Preventie kan worden benaderd vanuit een welzijnslogica
De verschillen tussen sociaal werk en de publieke gezondheidszorg zijn groot. De laatste benadert problemen rond gezondheidsverbetering vanuit een rationeel model van wetenschappelijke kennis over effectieve, collectieve preventie. Zij zet wetenschappelijk bewezen (‘evidence based’) interventies in die meestal op het gedrag en de leefstijl van de gemiddelde Nederlander zijn afgestemd, zonder dat er naar de specifieke kenmerken en context van mensen is gekeken. Het sociaal werk heeft meerwaarde voor preventie omdat het een welzijnslogica hanteert: het werkt vanuit nabijheid, is betrokken bij kwetsbare mensen en ziet hun specifieke noden en behoeften. Het bevorderen van welzijn, kwaliteit van leven en het leiden van een betekenisvol leven (soms met acceptatie van problemen) en uitgaan van waarden, mogelijkheden en behoeften van mensen zelf vormen de inzet van sociaal professionals.

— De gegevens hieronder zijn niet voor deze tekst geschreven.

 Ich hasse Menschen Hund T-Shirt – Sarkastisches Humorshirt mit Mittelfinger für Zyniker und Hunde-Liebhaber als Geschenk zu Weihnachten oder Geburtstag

Dit is cruciaal voor mensen die om welke reden dan ook niet binnen de gemiddelde kaders passen. De methoden van het sociaal werk zijn óók goed onderbouwd, maar bovenal passend gemaakt voor de sociaal-maatschappelijke context en mogelijkheden van mensen (‘practice based’). Dat is van belang, omdat sociaal werkers vooral handelen in kritieke, onzekere en/of instabiele situaties.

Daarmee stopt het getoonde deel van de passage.